Insbesondere unter Hinweis auf die jüngsten politischen Entscheidungen und Entwicklungsprozesse in der VR Polen werden vor allem von Werktätigen aus Betrieben, in denen polnische Staatsbürger beschäftigt sind, Vorbehalte und Bedenken geäußert. Es bestünde, so äußern sie sich, die Gefahr des politischen Missbrauchs der gesellschaftlichen Autorität und Stellung eines Abgeordneten durch polnische Staatsbürger, in dem sie versuchen könnten, die Ideen und Ziele der als konterrevolutionär charakterisierten Gewerkschaft »Solidarność« zu propagieren.
Immer wieder werden in diesen kritischen Meinungen auch Spekulationen über die »eigentlichen Hintergründe« des Volkskammerbeschlusses angestellt. Mit dem Hinweis auf sich in der BRD abzeichnende politische Spannungen im Zusammenhang mit der gesellschaftlichen Integration ausländischer Arbeitskräfte und deren Familien werde der DDR die Absicht unterstellt, in der Weltöffentlichkeit die in der DDR herrschenden demokratischen Verhältnisse, eingeschlossen die Gewährleistung der Menschenrechte, demonstrieren und den Vergleich mit der BRD herausfordern zu wollen. In Einzelmeinungen wird auch die Auffassung vertreten, man wolle mit den Wählerstimmen ausländischer Bürger das Ergebnis der Kommunalwahlen manipulieren, um über die erwartete geringere Wahlbeteiligung der DDR-Bürger hinwegzutäuschen.
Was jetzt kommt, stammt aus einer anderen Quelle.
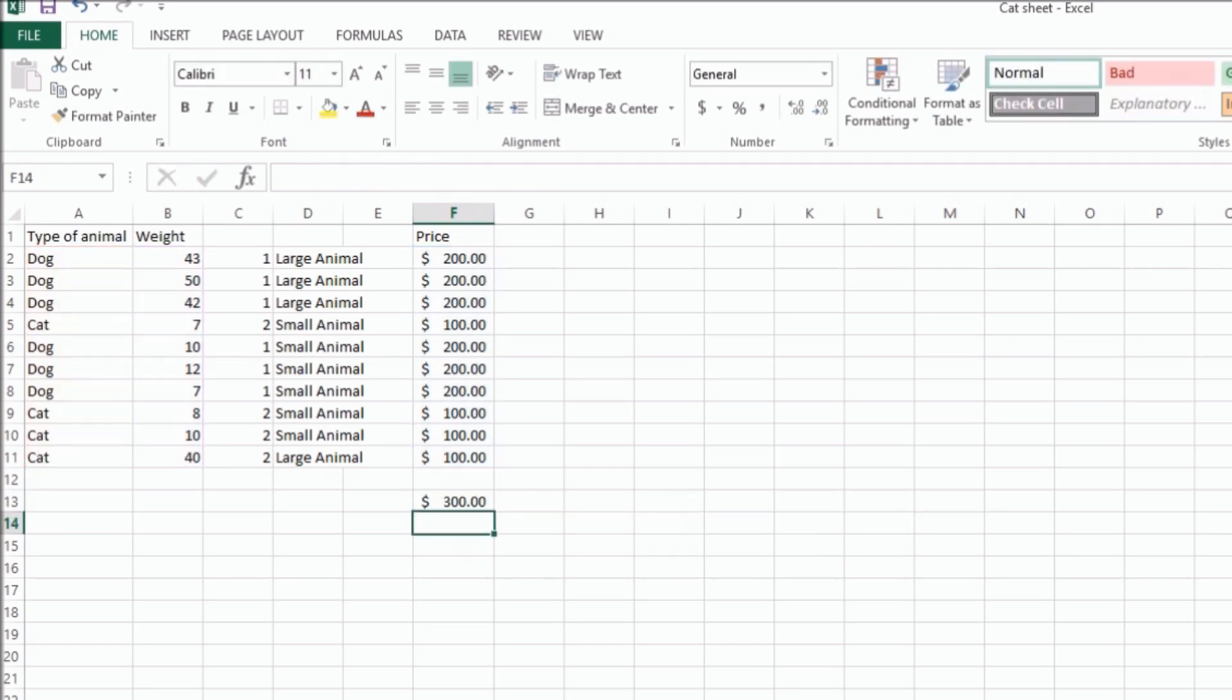And so that gives us, there's 1, 2, and 3 cats that are under 30 pounds, and they're $100 each. So that gives us a total of 300. And that's it.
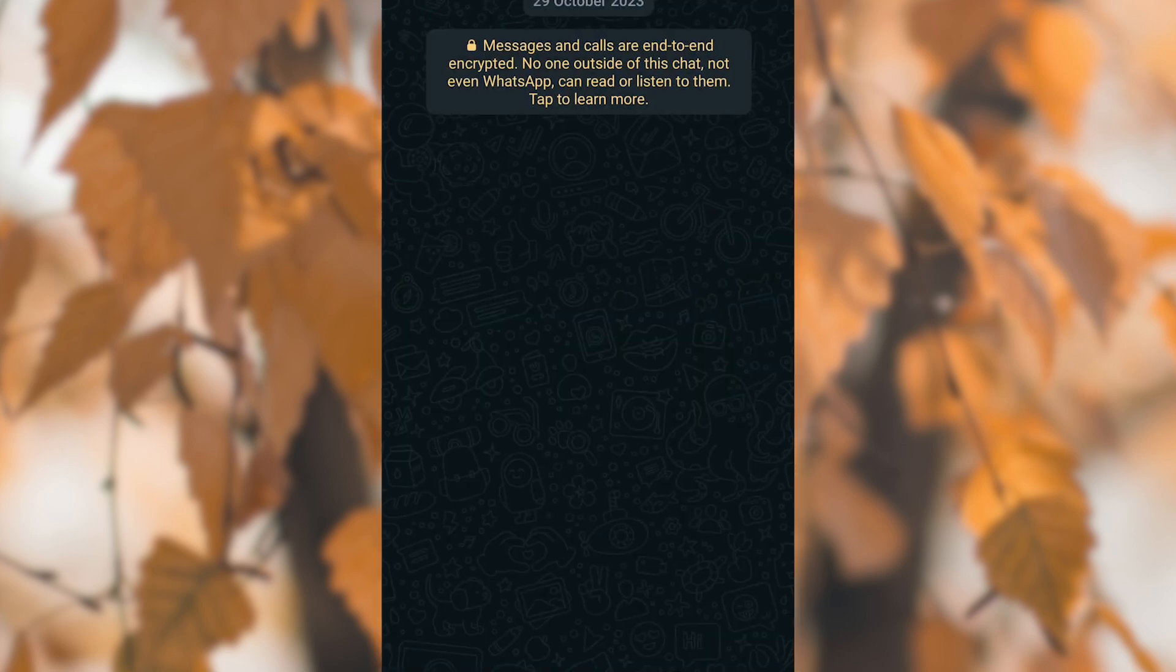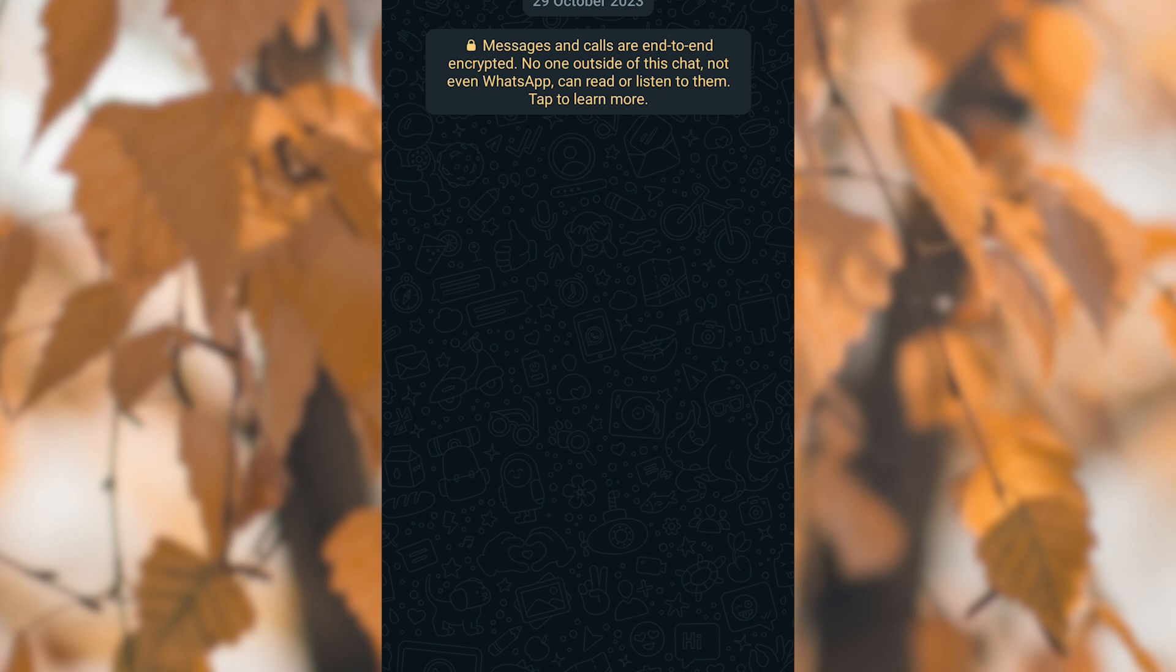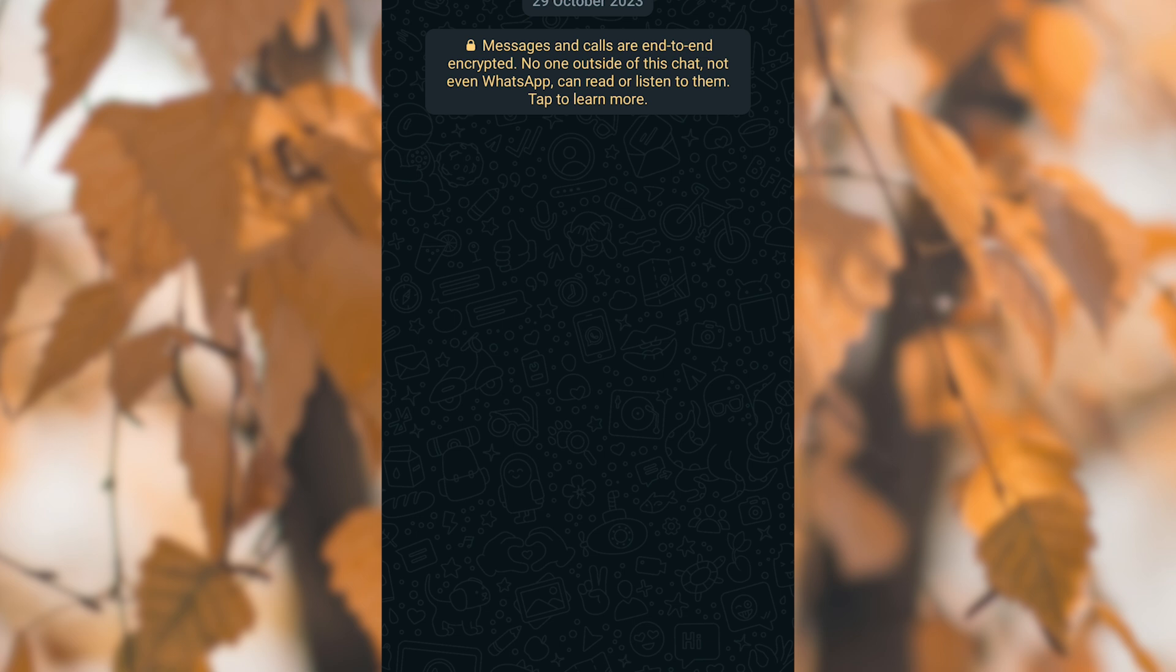It's essential to use these methods responsibly and respect users' privacy preferences. Additionally, keep in mind that WhatsApp's policies and terms of service may restrict certain types of automated or unsolicited messaging.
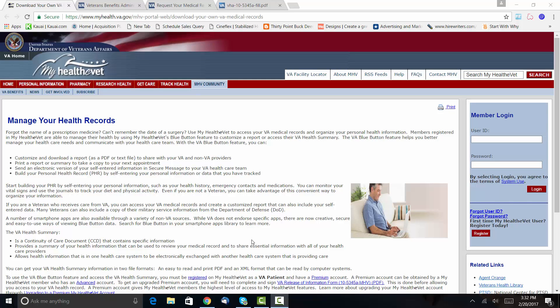All right everybody, Brian here. Hey, I wanted to record this really quick video for you guys because I've had a lot of people asking me lately how you get copies of your VA medical records. I'm not talking about your military medical records or private medical records—I'm talking about your VA medical records.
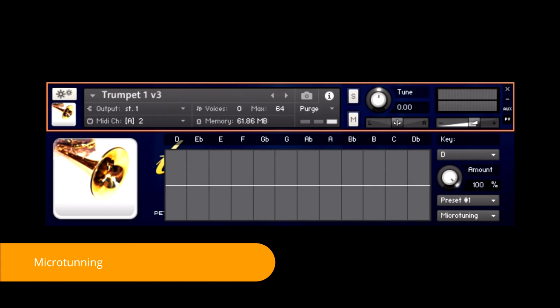Each bar corresponds to a note, and you can detune each note individually to create complex scales. For example, we can detune the G and E notes, like this.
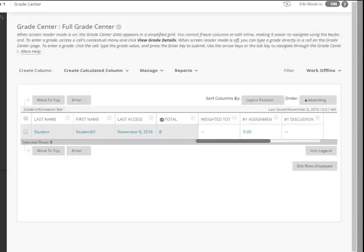This video covers the step-by-step instructions on how to create a weighted grade center, and we're going to do that by using the weighted total column.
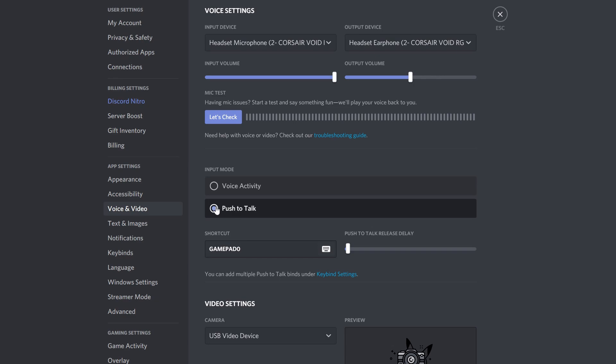Push to talk means you need to press a button for your voice to be heard, so others can't hear background noise while you're not transmitting, and it prevents you inadvertently speaking over others. To assign a key or button, click on the shortcut and it starts recording, waiting for an input — press a key or button and it will record that. Whenever that key is held down and you're talking, others will be able to hear you. I use a button on my yoke. Once you're in game or sim, it's quick and easy to test and make sure others can hear you. Click escape and you're done.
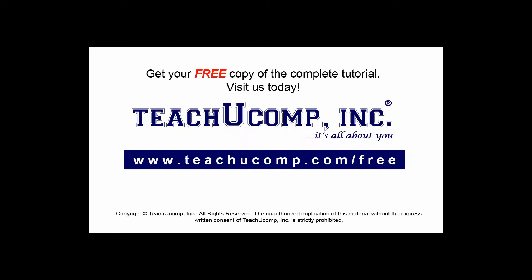Get your free copy of the complete tutorial at www.teachucomp.com/free.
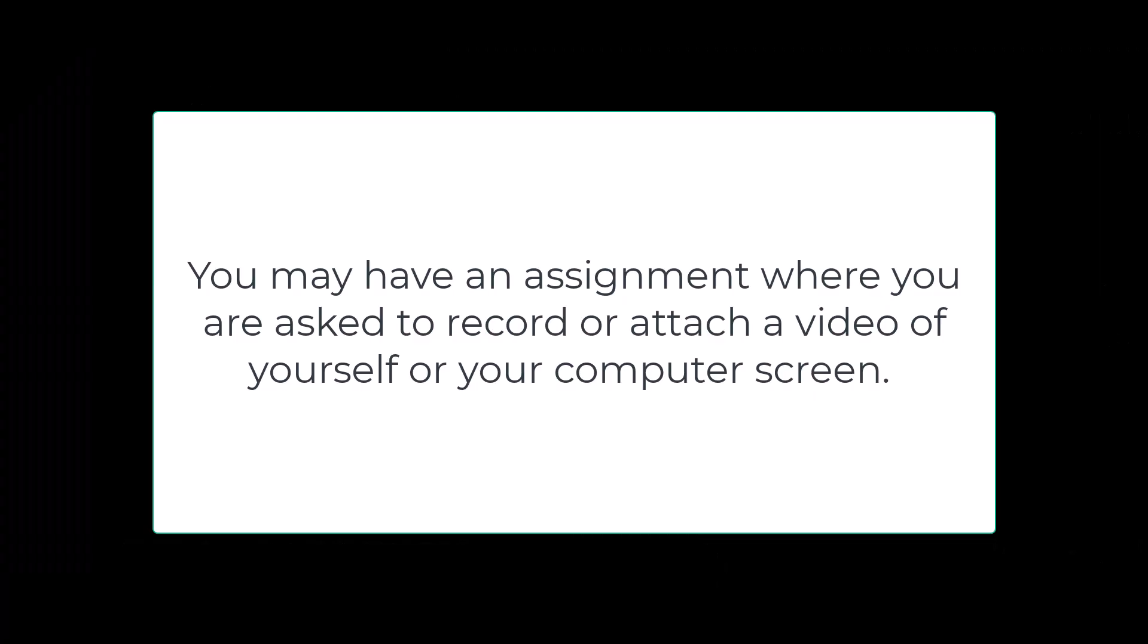You may have an assignment where you're asked to record or attach a video of yourself or your computer screen. To do this, you will begin by signing into Blackboard.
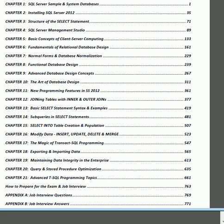Chapter 20 deals with query and stored procedure optimization: how to design indexes, how to maintain indexes, and how to update statistics. Chapter 21 deals with advanced topics, such as how to structure a transaction to insert into the master table and within the same transaction insert into the foreign key table as well.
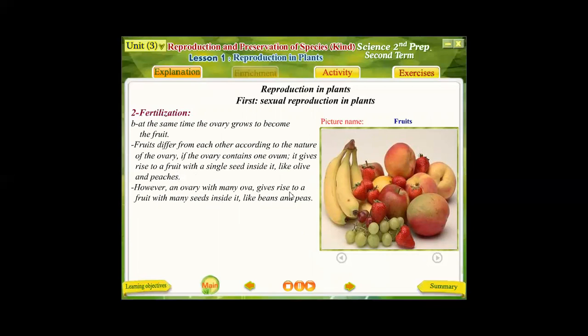Sometimes we find fruits such as olive and peach that contain only one seed, which means that in these plants the ovary contains one ovum, so after fertilization the fruit contains only one seed. However, other plants such as beans contain more than one seed, so the ovary in these plants contains more than one ovum. After fertilization, the ovary becomes the fruit and the ovules become the seeds.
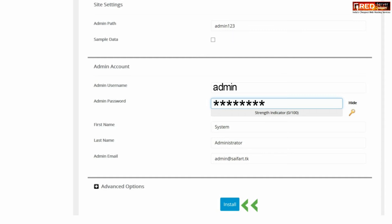Enter your admin username, password, and other details, then click on Install.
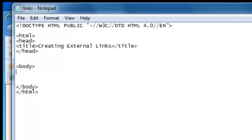When we create a link we use the a tag, and the a tag defines an anchor. This creates a link to another website by using the href attribute, and the href attribute specifies the link's destination.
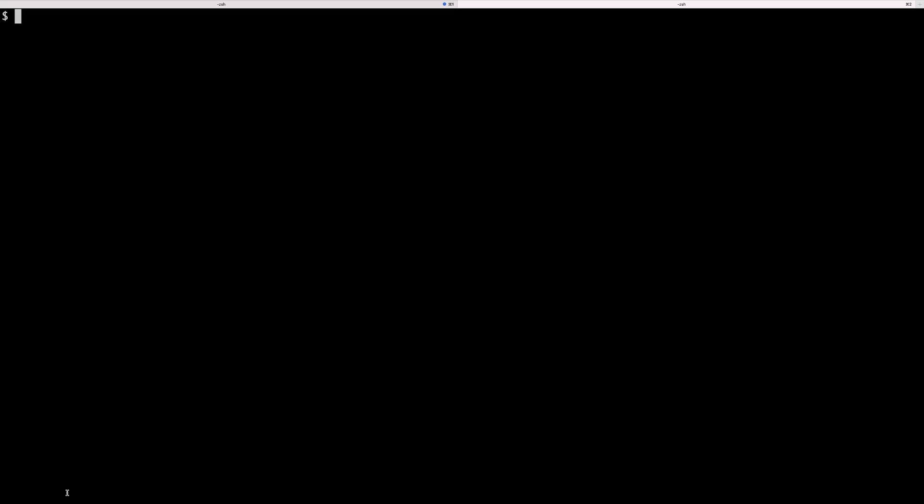In order to run Perl through command line interface, you can type perl space -e for execute, then single quotes or double quotes. I usually tend to use single quotes because with double quotes you can interpolate variables. Let's use single quotes for this example and do something like print, which is going to print something to a terminal, double quotes so they don't interfere with our wrapping single quotes of our Perl code, and say hello.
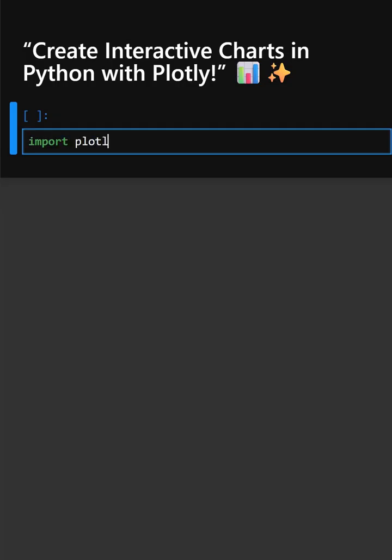First we'll import the Plotly library. Here in this line, this imports Plotly's easy-to-use express module.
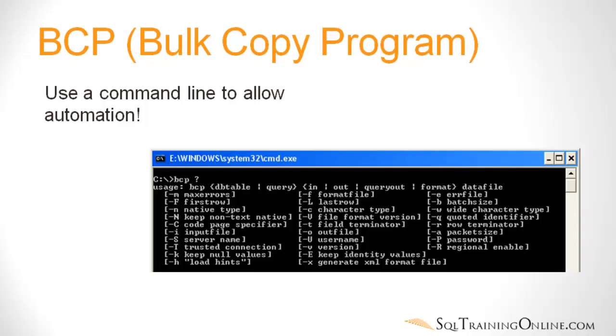Okay, so the final way I want to talk about getting data into SQL Server from Excel or from a text file is BCP, Bulk Copy Program. Now this one is a little different and you can see that I've gotten a little harder on each of these types. This type here, we actually have to use the command line. So that can be a little scary for some people and I'll walk you right through it so it won't be too bad.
Vorliegenden Hinweisen zufolge werden von in der DDR lebenden ausländischen Staatsbürgern sehr differenzierte Standpunkte zum Ausländerwahlrecht vertreten. Neben häufig geäußerter Zustimmung und Unterstützung werden zum Teil auch Unsicherheiten deutlich und Zurückhaltung geübt. In diesem Sinne argumentieren ausländische Bürger,
- –
keinen wirksamen Einfluss auf die Arbeit der Volksvertretungen nehmen zu können (Sprachschwierigkeiten, begrenzte Aufenthaltsdauer in der DDR, ungenügende Kenntnis des Wahlsystems der DDR),
- –
aus politischen oder religiösen Gründen nicht als Abgeordneter gewählt werden zu wollen,
- –
dass sie vor ihrer Entscheidungsfindung auf verbindliche Orientierungen ihrer Botschaften warten müssten.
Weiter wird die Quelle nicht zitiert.